» **Try it**: Return, exactly, the line that contains "遊戯王　エクソシスターズマニフィカ　プリズマティックシークレットレア1枚" together with all lines after it to the end of the entries, and no further lines.

== Segment start ==

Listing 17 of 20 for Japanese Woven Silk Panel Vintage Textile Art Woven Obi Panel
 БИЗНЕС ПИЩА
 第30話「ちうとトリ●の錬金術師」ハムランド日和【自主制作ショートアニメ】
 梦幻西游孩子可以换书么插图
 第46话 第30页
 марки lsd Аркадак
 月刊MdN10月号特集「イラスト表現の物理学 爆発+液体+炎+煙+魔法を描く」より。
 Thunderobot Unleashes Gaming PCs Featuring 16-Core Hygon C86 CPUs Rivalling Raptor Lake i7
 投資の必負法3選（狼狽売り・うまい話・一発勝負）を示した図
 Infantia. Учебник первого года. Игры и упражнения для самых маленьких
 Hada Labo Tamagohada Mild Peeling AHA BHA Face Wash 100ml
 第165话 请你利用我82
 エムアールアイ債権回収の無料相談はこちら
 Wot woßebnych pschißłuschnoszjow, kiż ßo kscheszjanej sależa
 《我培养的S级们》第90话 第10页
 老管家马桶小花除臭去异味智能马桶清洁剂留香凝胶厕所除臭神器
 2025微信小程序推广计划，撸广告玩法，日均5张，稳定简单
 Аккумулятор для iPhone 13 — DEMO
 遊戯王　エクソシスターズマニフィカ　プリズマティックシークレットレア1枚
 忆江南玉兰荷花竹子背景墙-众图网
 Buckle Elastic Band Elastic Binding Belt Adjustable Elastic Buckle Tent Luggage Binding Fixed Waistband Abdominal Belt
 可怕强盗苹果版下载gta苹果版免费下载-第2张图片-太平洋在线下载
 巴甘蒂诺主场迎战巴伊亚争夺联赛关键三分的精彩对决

== Segment end ==

» **Task result**:
 遊戯王　エクソシスターズマニフィカ　プリズマティックシークレットレア1枚
 忆江南玉兰荷花竹子背景墙-众图网
 Buckle Elastic Band Elastic Binding Belt Adjustable Elastic Buckle Tent Luggage Binding Fixed Waistband Abdominal Belt
 可怕强盗苹果版下载gta苹果版免费下载-第2张图片-太平洋在线下载
 巴甘蒂诺主场迎战巴伊亚争夺联赛关键三分的精彩对决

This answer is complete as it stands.